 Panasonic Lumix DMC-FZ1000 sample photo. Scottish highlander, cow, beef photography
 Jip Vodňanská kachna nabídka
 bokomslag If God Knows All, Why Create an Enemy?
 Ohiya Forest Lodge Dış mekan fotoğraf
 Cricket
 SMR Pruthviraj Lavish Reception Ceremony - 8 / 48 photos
━━━
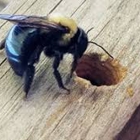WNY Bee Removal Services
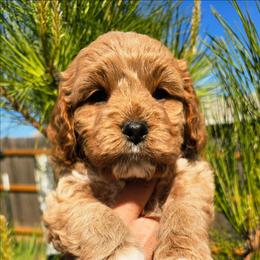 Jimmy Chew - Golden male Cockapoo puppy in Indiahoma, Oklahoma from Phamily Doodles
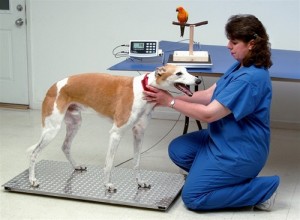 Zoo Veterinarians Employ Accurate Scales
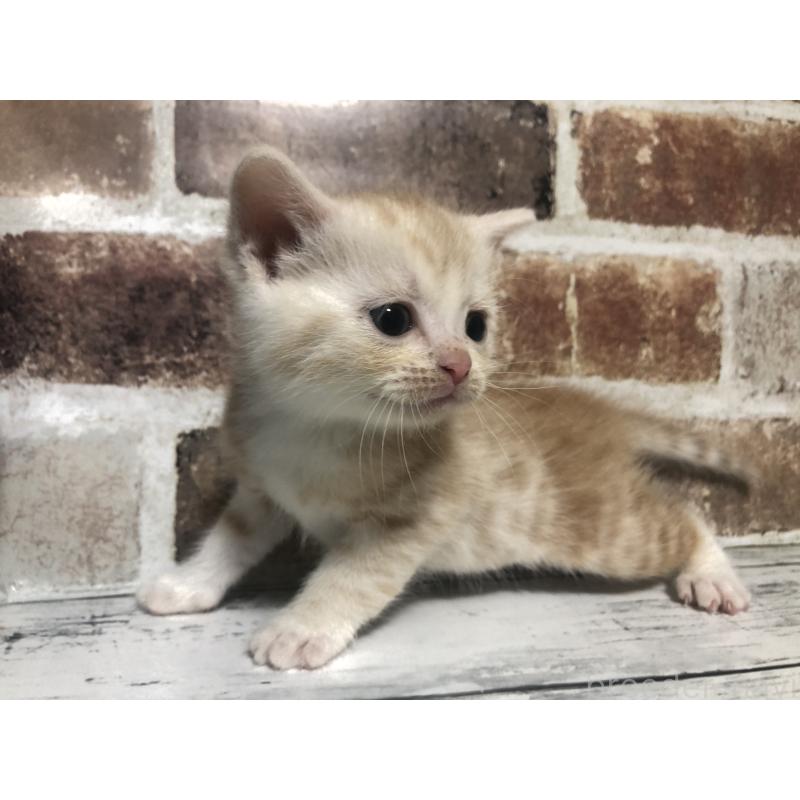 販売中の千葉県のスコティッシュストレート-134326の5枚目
━━━
### Goal of the exercise
Which lines above run from the one containing "Jip Vodňanská kachna nabídka" to the one containing "SMR Pruthviraj Lavish"? Give them again exactly, both ends included.

### Solution to this problem
 Jip Vodňanská kachna nabídka
 bokomslag If God Knows All, Why Create an Enemy?
 Ohiya Forest Lodge Dış mekan fotoğraf
 Cricket
 SMR Pruthviraj Lavish Reception Ceremony - 8 / 48 photos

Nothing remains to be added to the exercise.